Media watchdog NIMF shutting down
National Institute on Media and the Family to close doors after nearly 14 years, marking an end to Video Game Report Card program.
While a rush of huge new releases dominates the gaming world at this time of year, the holiday quarter has also played host to the National Institute on Media and the Family's annual Video Game Report Card. That ends this year, as the NIMF today announced its dissolution, effective December 31.
NIMF is currently in discussions to have some of its programs and initiatives adopted by other nonprofit organizations, both local and national. However, an NIMF spokesperson confirmed for GameSpot that the Video Game Report Card is not among the continuing programs.
In announcing the group's closure, NIMF founder Dr. David Walsh said that discussions about passing off its programs to other organizations have been taking place for the past two years, but "the current challenging economic environment accelerated those discussions."

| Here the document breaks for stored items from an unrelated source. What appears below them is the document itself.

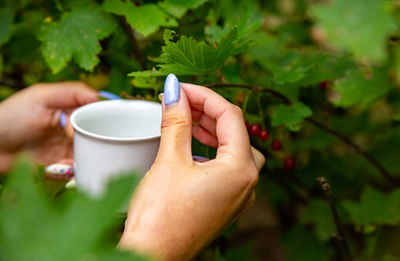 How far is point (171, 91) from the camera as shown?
0.91 metres

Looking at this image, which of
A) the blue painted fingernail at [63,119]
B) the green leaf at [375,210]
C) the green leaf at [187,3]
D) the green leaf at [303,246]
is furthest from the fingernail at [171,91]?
the green leaf at [303,246]

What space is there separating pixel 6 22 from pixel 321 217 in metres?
1.26

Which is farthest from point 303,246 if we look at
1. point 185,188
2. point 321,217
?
point 185,188

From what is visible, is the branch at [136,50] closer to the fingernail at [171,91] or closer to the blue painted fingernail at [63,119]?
the blue painted fingernail at [63,119]

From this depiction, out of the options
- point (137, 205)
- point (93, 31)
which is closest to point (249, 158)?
point (137, 205)

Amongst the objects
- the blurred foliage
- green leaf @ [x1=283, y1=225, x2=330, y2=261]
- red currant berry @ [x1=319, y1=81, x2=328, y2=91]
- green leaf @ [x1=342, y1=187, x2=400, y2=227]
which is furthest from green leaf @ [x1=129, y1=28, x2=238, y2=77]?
green leaf @ [x1=283, y1=225, x2=330, y2=261]

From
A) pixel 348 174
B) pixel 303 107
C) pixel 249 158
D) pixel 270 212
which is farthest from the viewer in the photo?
pixel 270 212

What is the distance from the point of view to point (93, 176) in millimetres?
1000

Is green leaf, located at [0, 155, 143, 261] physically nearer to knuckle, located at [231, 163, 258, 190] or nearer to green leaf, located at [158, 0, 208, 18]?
knuckle, located at [231, 163, 258, 190]

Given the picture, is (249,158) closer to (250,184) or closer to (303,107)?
(250,184)

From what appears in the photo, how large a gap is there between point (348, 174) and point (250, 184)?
3.16ft

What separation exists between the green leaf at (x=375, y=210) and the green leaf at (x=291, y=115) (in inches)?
21.5

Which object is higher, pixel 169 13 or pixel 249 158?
pixel 169 13

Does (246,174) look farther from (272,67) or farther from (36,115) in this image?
(36,115) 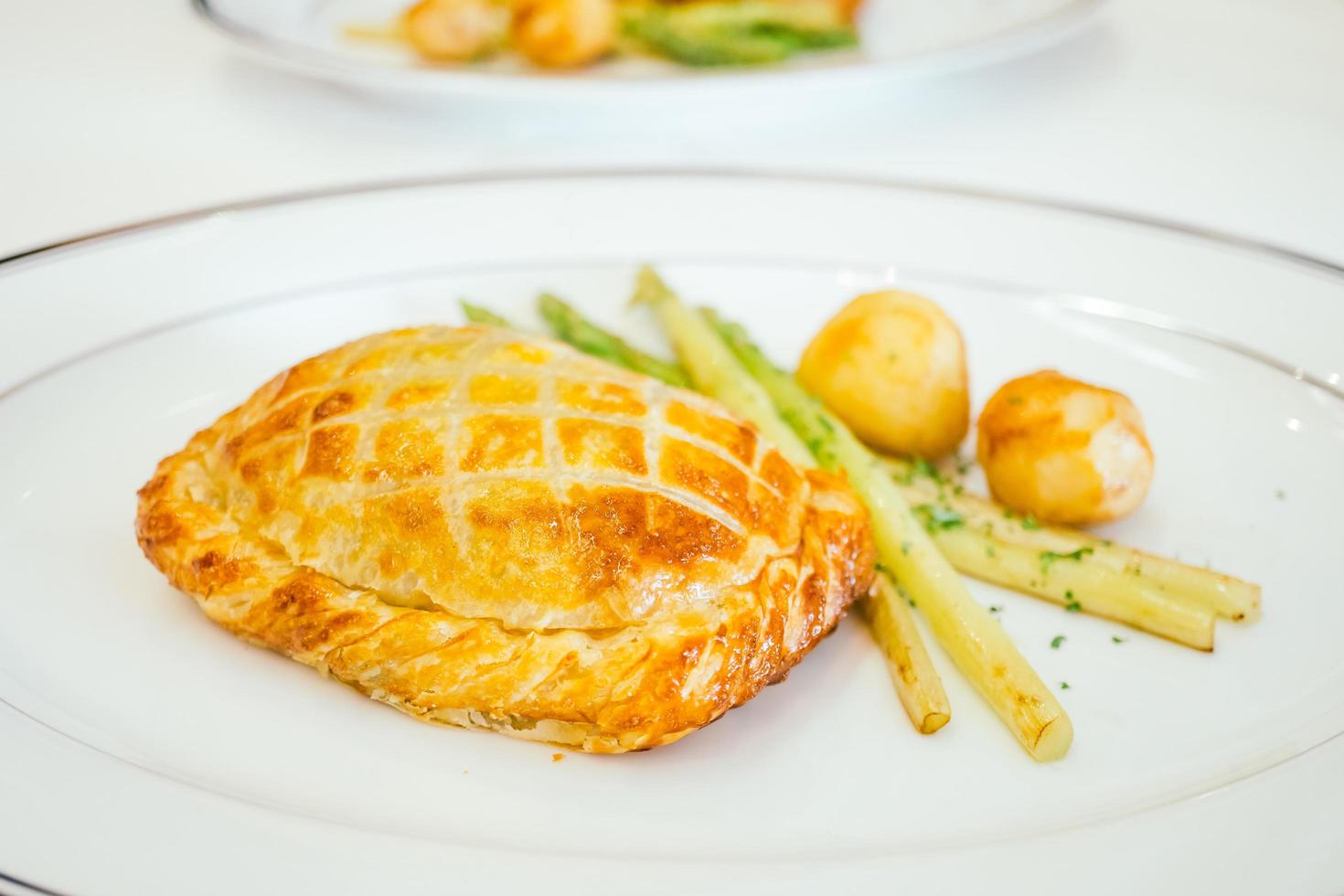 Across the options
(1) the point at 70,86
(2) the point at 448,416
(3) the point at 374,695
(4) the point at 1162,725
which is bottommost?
(4) the point at 1162,725

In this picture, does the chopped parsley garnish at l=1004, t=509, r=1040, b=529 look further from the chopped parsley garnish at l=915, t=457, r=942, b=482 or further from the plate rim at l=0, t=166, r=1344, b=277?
the plate rim at l=0, t=166, r=1344, b=277

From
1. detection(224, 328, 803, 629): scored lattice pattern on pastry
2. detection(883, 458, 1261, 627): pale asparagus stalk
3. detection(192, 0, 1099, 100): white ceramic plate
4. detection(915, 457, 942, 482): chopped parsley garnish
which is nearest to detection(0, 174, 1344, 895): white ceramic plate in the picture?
detection(883, 458, 1261, 627): pale asparagus stalk

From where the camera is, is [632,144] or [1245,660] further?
[632,144]

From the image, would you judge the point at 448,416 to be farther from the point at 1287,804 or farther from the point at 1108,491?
the point at 1287,804

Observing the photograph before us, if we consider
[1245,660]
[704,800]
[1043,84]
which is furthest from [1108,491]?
[1043,84]

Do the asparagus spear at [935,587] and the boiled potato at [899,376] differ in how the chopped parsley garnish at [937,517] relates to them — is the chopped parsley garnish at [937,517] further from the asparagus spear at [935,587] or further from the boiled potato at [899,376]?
the boiled potato at [899,376]

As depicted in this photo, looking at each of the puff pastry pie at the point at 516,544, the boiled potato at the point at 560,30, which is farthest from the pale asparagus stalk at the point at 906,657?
the boiled potato at the point at 560,30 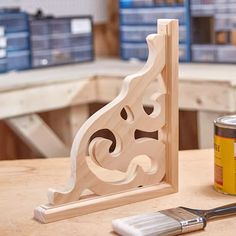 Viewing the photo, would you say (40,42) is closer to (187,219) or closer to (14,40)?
(14,40)

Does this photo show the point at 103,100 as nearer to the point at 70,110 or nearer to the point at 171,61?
the point at 70,110

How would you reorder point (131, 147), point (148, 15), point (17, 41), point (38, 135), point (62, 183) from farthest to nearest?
point (148, 15) → point (17, 41) → point (38, 135) → point (62, 183) → point (131, 147)

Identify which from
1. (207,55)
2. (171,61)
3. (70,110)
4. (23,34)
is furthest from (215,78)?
(171,61)

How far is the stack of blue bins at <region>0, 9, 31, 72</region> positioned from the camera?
2.60 meters

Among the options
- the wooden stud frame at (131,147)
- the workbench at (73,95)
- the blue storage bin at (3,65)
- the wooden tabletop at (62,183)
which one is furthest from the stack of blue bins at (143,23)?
the wooden stud frame at (131,147)

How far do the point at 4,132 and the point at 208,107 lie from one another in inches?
47.9

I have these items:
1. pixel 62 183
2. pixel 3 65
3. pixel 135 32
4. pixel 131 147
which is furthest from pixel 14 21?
pixel 131 147

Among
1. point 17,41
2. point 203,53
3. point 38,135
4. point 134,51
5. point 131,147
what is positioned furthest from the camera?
point 134,51

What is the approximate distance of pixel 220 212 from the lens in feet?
3.14

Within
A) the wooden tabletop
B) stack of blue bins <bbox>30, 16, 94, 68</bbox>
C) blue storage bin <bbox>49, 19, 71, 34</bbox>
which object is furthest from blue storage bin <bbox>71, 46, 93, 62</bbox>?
the wooden tabletop

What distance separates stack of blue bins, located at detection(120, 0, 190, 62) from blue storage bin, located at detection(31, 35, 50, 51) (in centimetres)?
45

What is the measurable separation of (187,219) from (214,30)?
1967 mm

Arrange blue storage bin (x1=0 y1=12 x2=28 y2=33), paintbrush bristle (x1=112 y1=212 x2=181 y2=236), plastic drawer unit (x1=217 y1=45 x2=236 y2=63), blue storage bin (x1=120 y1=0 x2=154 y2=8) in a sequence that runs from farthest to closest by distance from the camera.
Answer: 1. blue storage bin (x1=120 y1=0 x2=154 y2=8)
2. plastic drawer unit (x1=217 y1=45 x2=236 y2=63)
3. blue storage bin (x1=0 y1=12 x2=28 y2=33)
4. paintbrush bristle (x1=112 y1=212 x2=181 y2=236)

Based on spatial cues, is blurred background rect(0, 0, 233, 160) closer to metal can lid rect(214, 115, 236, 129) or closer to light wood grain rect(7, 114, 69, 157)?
light wood grain rect(7, 114, 69, 157) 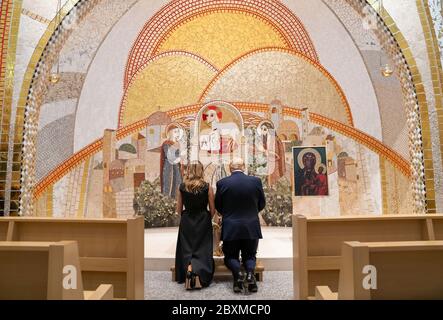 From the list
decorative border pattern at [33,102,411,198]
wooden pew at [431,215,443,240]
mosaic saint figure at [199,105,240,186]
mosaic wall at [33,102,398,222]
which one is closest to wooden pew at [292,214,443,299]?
wooden pew at [431,215,443,240]

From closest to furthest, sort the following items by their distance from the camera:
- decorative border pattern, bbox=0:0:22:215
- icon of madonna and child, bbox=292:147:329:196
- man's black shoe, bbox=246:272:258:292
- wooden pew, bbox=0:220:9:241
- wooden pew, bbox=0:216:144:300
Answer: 1. wooden pew, bbox=0:216:144:300
2. wooden pew, bbox=0:220:9:241
3. man's black shoe, bbox=246:272:258:292
4. decorative border pattern, bbox=0:0:22:215
5. icon of madonna and child, bbox=292:147:329:196

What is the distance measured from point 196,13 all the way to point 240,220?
19.8ft

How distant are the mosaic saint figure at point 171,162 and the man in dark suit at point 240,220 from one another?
4.65 meters

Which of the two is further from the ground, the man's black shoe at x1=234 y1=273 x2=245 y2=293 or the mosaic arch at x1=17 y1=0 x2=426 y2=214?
the mosaic arch at x1=17 y1=0 x2=426 y2=214

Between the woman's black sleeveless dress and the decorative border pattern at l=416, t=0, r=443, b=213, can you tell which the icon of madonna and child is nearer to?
the decorative border pattern at l=416, t=0, r=443, b=213

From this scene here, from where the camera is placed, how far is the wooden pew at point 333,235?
2914mm

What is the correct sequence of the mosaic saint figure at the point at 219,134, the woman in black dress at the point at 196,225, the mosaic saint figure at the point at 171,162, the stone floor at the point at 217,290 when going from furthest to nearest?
1. the mosaic saint figure at the point at 219,134
2. the mosaic saint figure at the point at 171,162
3. the woman in black dress at the point at 196,225
4. the stone floor at the point at 217,290

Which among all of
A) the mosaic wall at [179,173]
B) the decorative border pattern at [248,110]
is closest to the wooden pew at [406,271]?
the decorative border pattern at [248,110]

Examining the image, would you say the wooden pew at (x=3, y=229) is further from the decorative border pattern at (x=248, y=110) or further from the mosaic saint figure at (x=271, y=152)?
the mosaic saint figure at (x=271, y=152)

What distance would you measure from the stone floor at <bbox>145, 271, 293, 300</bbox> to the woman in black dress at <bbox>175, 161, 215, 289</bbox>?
16 centimetres

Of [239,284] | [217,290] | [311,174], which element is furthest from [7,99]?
[311,174]

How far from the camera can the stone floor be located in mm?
3508

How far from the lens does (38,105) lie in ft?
18.4

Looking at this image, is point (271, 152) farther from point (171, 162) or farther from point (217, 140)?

Over the years, NIMF frequently butted heads with the Entertainment Software Rating Board. Notably, in the wake of the Grand Theft Auto: San Andreas "Hot Coffee" scandal, the NIMF labeled the ESRB system "beyond repair." In 2007, when a hacker found a way to restore the M-for-Mature-rated Manhunt 2 to the previously rated AO-for-Adults-Only version, the NIMF took the ESRB to task for failing to keep up with the technology it was rating. (An uncut, AO-rated version on Manhunt 2 was released online earlier this year.)
The watchdog group's tone toward the ratings body softened in recent years, with the 2008 report card giving the ESRB an "A" grade. That assessment came two months after the Entertainment Software Association, which owns the ESRB, awarded the NIMF a $50,000 grant to "develop an online e-learning zone for using the latest interactive technologies to help kids and adults understand the issues and potential areas of concern with the Internet."